What kind of geometric object is the Pauli spin matrix vector $\vec{\sigma} = (\sigma_1, \sigma_2, \sigma_3)$?

The Pauli spin vector $\vec\sigma$ relates a two-component spinor $s={\alpha\choose \beta}$ to its corresponding three-component vector $\vec{v}=(a,b,c)$. In Dirac bra-ket notation the relation is written as $$\vec{v}=\langle s|\vec\sigma|s\rangle,$$ in components $v_i=s^\ast\sigma_i s$. A pair of unitary operations $\pm U\in \text{SU}(2) $ on $s\mapsto s'$ is thereby mapped onto a rotation $R\in \text{SO}(3) $ of $\vec{v}\mapsto \vec{v}'=\langle s'|\vec\sigma|s'\rangle$. The mapping is illustrated by this table

The usual vector identities do not apply to $\vec\sigma$, for example, instead of $\vec a\cdot(\vec b\times\vec a)=0$, one has $\vec \sigma\cdot(\vec v\times\vec \sigma)=-2i\,\vec v\cdot\vec\sigma$.

The Pauli spin vector encodes a two-complex-dimensional unitary representation of the Lie algebra $\bf{su}_2$. A basis of the Lie algebra maps to the matrix algebra $\bf{gl}_2(\mathbb{C}),$ giving a $3\times 2\times 2$ tensor.

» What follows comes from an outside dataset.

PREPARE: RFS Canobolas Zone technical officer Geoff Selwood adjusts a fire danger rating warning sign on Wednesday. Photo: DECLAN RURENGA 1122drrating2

In 3 dimensions, physicists will sometimes blur the distinction between the basis for the tangent space and the Lie algebra of the Lorenz group $SU(2)$ at the origin, by the identification of $\hat{x}_i$ with the operator $\hat{x}_i\times -$ (this is not possible in higher dimensions), but these three matrices should really be thought of as parametrized by a basis for the Lie algebra.